[Records drawn from a dataset]
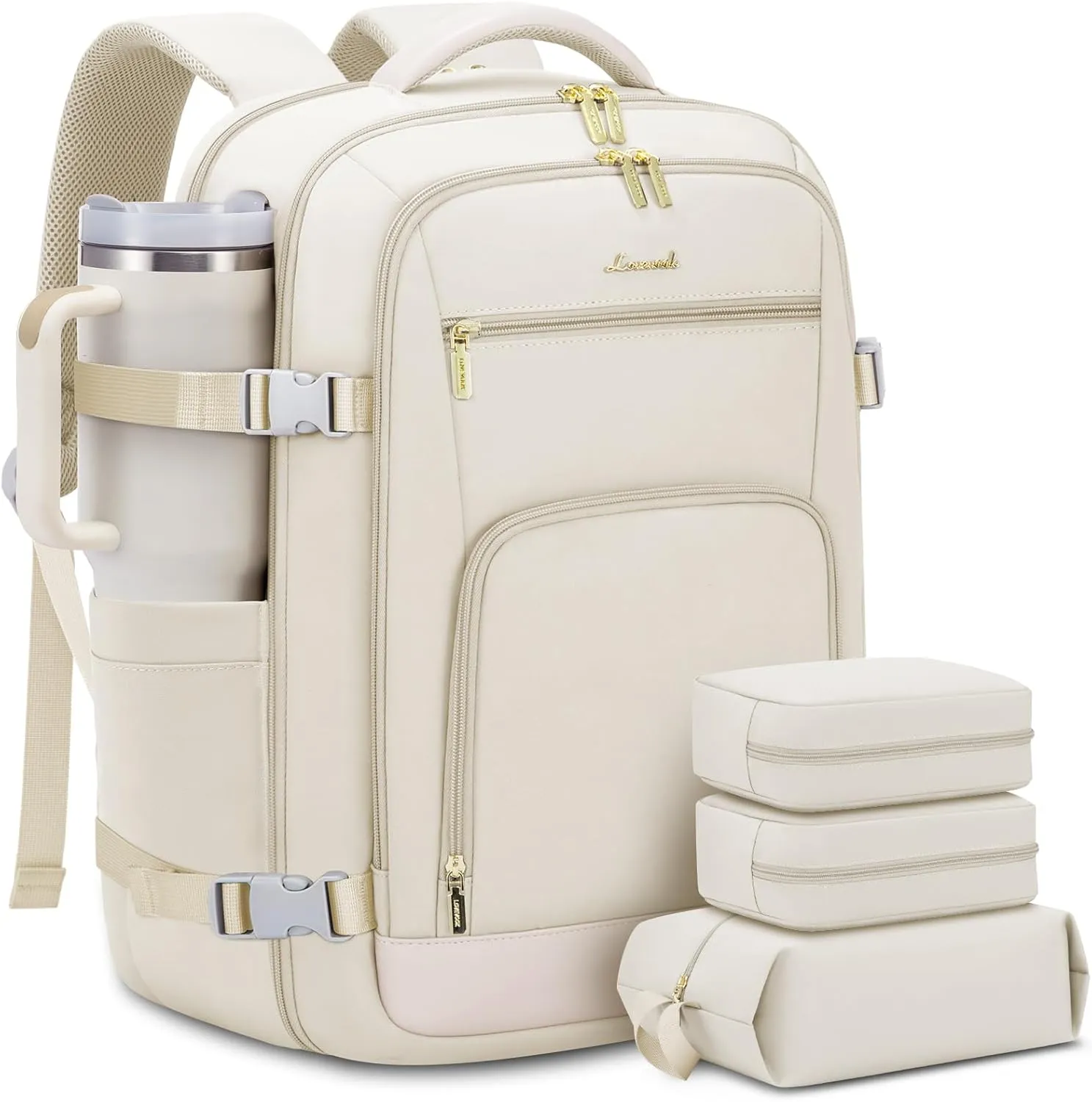 LOVEVOOK 50L Large Travel Backpack for Women Flight Approved, Carry on Backpack for Airplanes, Personal Item Travel Bag, Waterproof 18 Inch Laptop Backpack, Business Weekender Overnight Daypack, 4Pcs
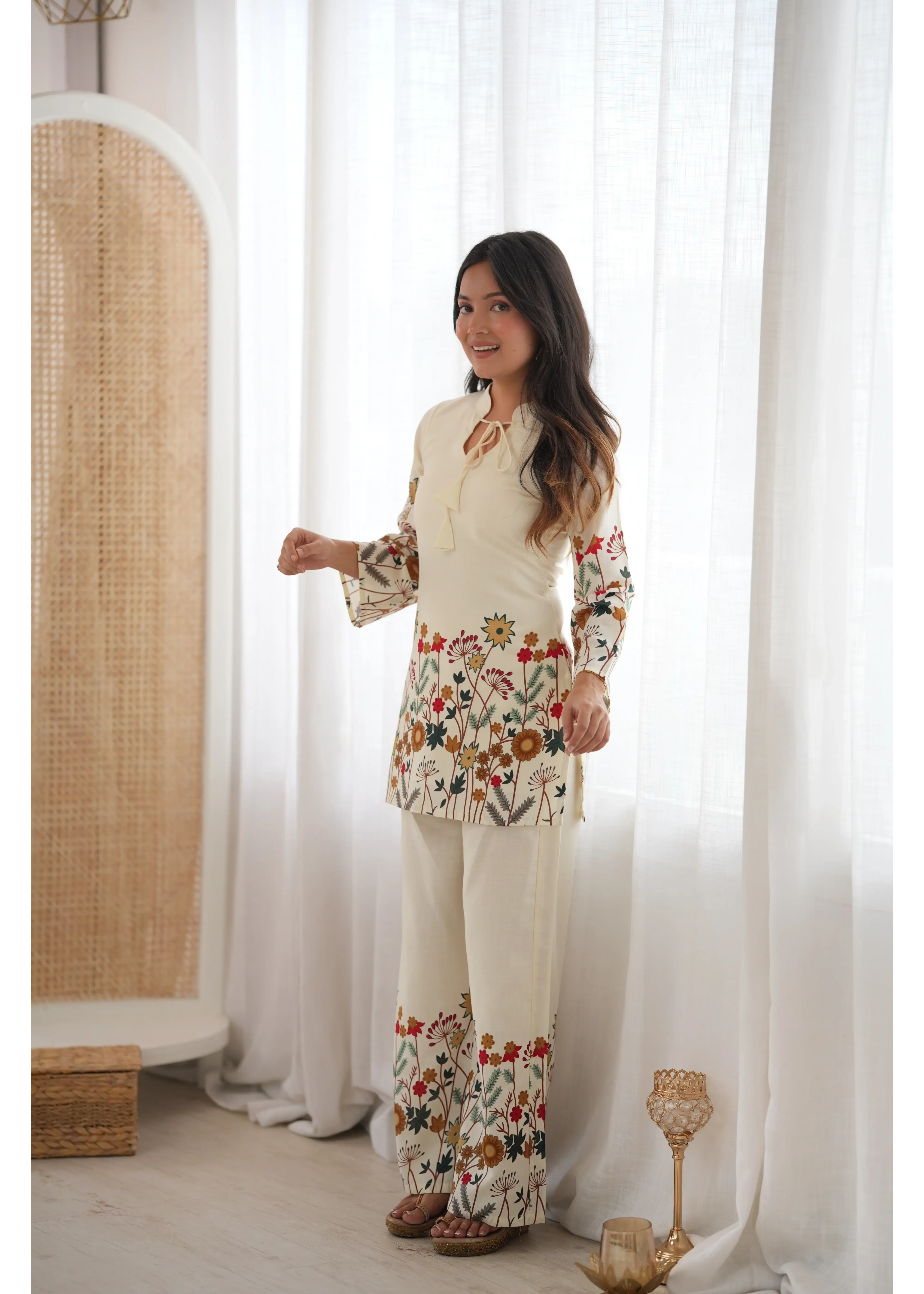 Off White Floral Print Suit Full Length View with Pant – KU249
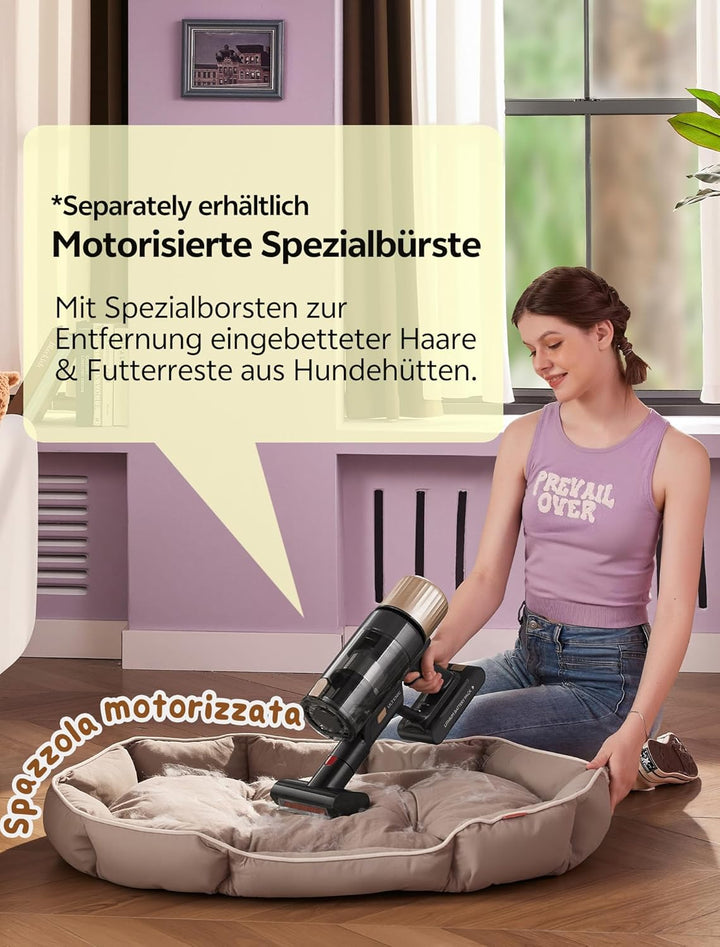 Ultenic Akku Staubsauger, 50000Pa/ 65Min, Staubsauger Kabellos mit GreenEye Technologie, Teleskoproh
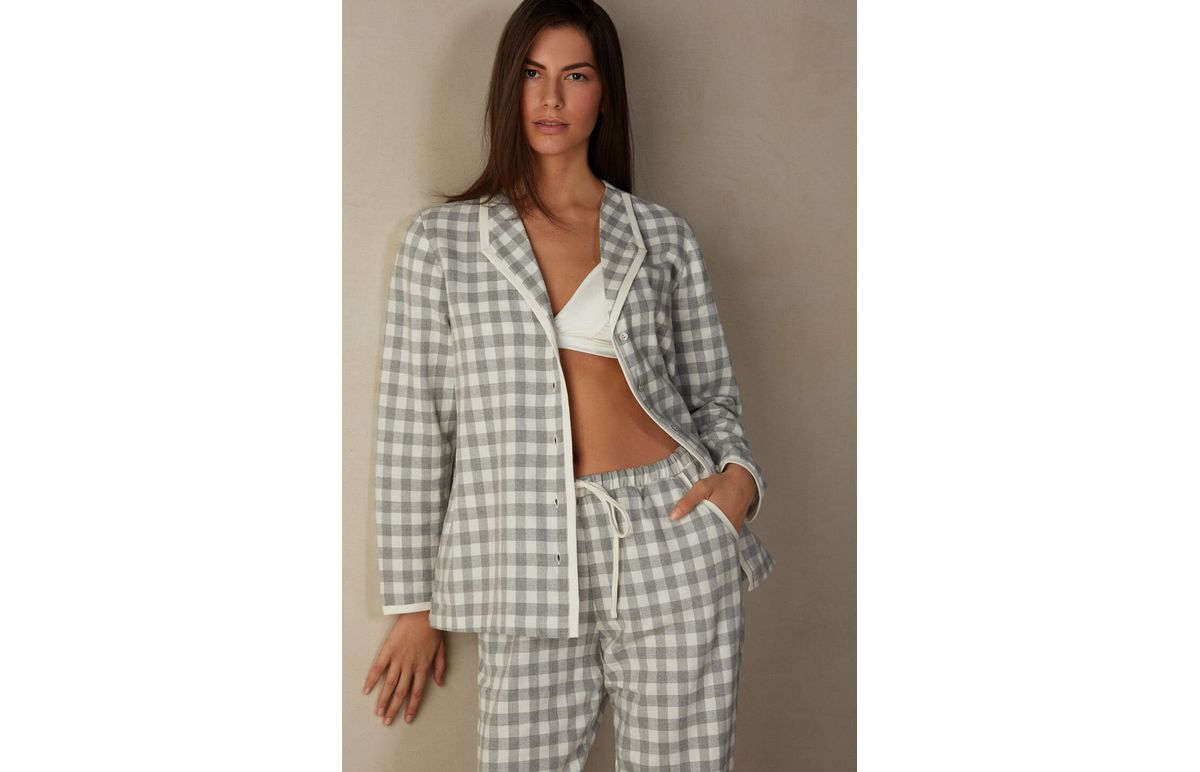 Camisa De Algodão Escovado Gingham Lover – Cinza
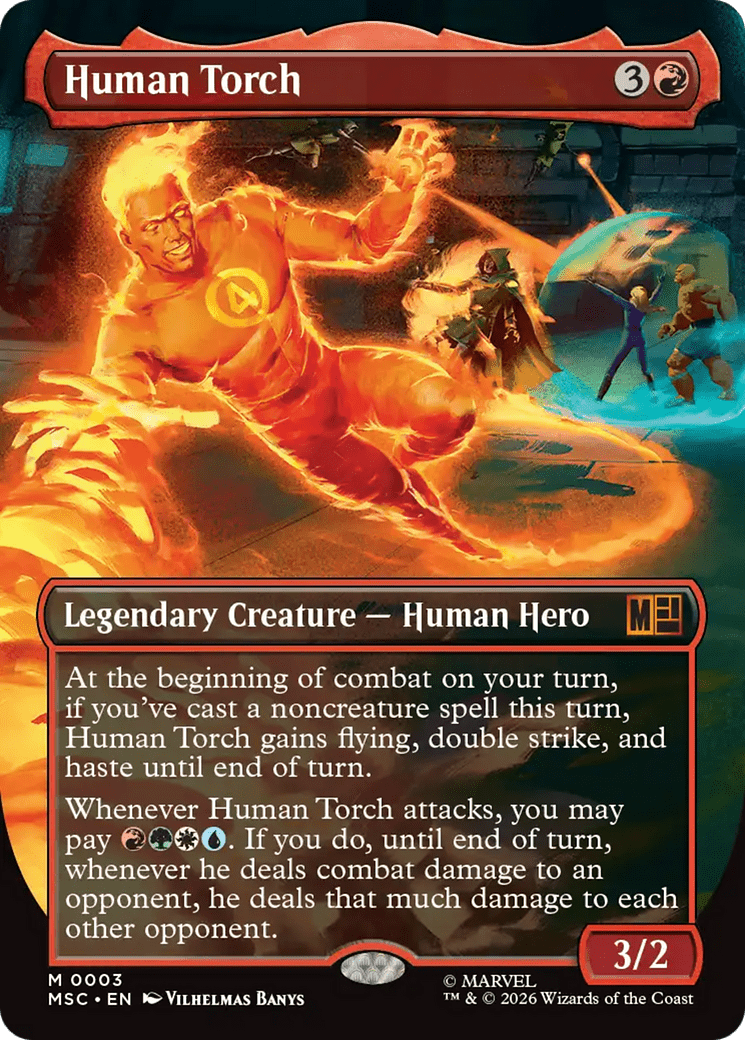 Human Torch (Borderless) [Marvel Super Heroes Commander] MTG Single Magic: The Gathering  | Multizone: Comics And Games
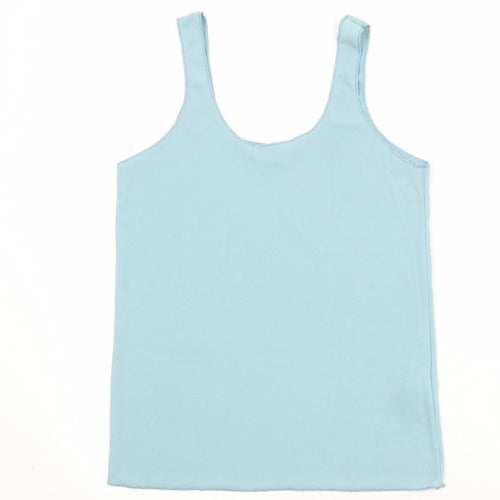 Zara Womens Blue Polyester Basic Tank Size S Scoop Neck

▸ PROMPT:
Transcribe the whole of the data exactly, minus any pictures.

▸ TASK RESULT:
 LOVEVOOK 50L Large Travel Backpack for Women Flight Approved, Carry on Backpack for Airplanes, Personal Item Travel Bag, Waterproof 18 Inch Laptop Backpack, Business Weekender Overnight Daypack, 4Pcs
 Off White Floral Print Suit Full Length View with Pant – KU249
 Ultenic Akku Staubsauger, 50000Pa/ 65Min, Staubsauger Kabellos mit GreenEye Technologie, Teleskoproh
 Camisa De Algodão Escovado Gingham Lover – Cinza
 Human Torch (Borderless) [Marvel Super Heroes Commander] MTG Single Magic: The Gathering  | Multizone: Comics And Games
 Zara Womens Blue Polyester Basic Tank Size S Scoop Neck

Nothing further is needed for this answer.